While the nitty-gritty details being discussed by Biden's group have not been made public, proposals have been floating around Washington for months.
Last December, the president's fiscal commission described federal and military pensions as "out of line" with private sector benefit packages, and recommended changes that would save $70 billion over 10 years.
For example, it proposed changing the formula for how pensions are calculated. The panel also suggested cutting back on cost of living adjustments for current retirees.
But the bulk of the savings under the commission's plan -- $51 billion through 2020 -- would be achieved by asking employees to kick in more to fund their pension plans.
Complicating matters for federal workers and their unions is the fact that key players on both sides of the aisle think their compensation is overly generous.
Third Way, a Democratic think tank, said in a policy paper that federal employees "enjoy one of the most generous retirement plans in the country."

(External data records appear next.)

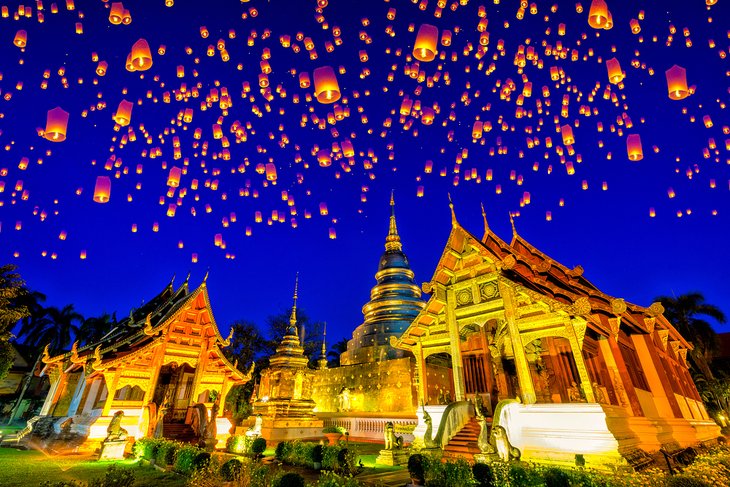 Floating lanterns during the Yi Peng Festival at Wat Phra Singh Temple, Chiang Mai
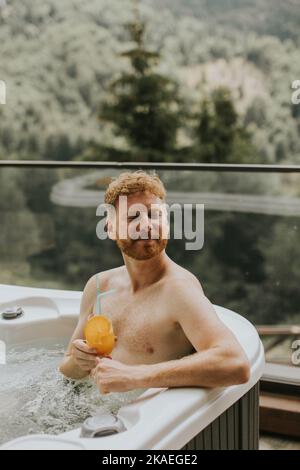 Attractive young man enjoying in outdoor hot tub and drink fresh orange juice on vacation Stock Photo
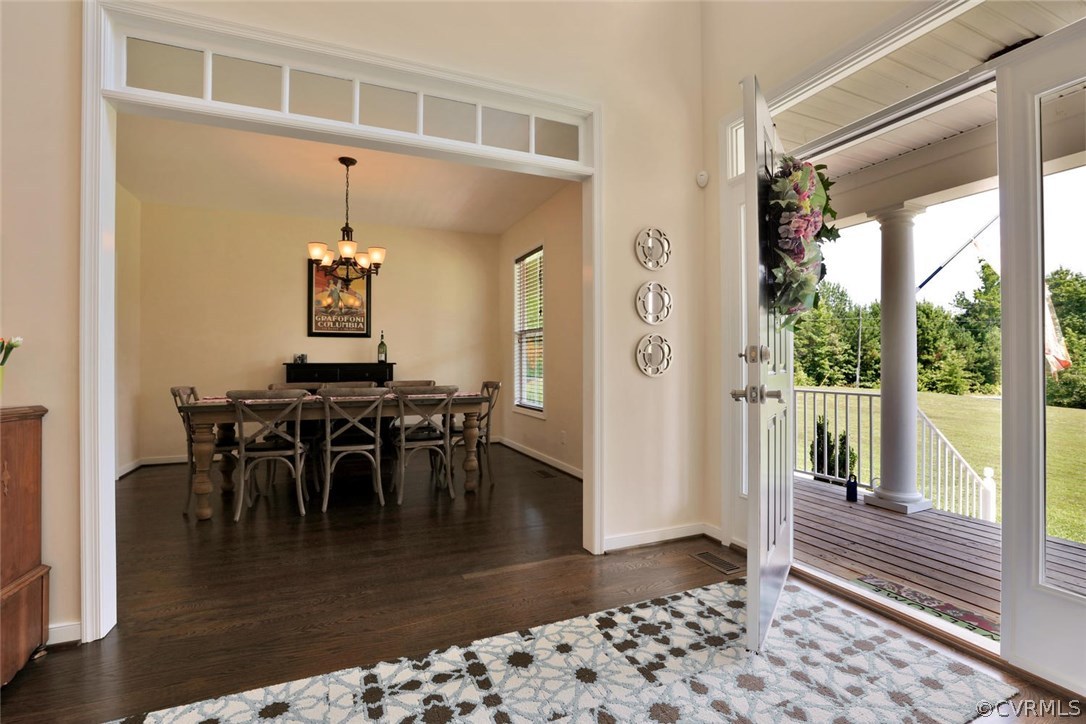 8910 Beaver Bridge Road Moseley, VA 23120 - Photo 5 of 44 a view of a dining room with furniture window and wooden floor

Workers hired after 1986 contribute only $1 toward their pension for every $14 kicked in by the government, according to Third Way. And those workers also can collect Social Security benefits and contribute to a 401k-style plan with an employer match.
At the same time, Third Way says the plans are not "opulent," just more generous than what other middle-class families collect in the private sector.
In March, Senate Republicans Richard Burr and Tom Coburn introduced legislation that would entirely eliminate pensions for government employees. They would still collect Social Security and hold 401k-style accounts.
The White House is unlikely to back such an aggressive plan, but may be more amenable to a proposal that shifted more of the burden to workers.
The administration did not respond to requests for comment.
But a plan that forced workers to contribute more would mean a de-facto pay cut -- a prospect Dougan said he would fight.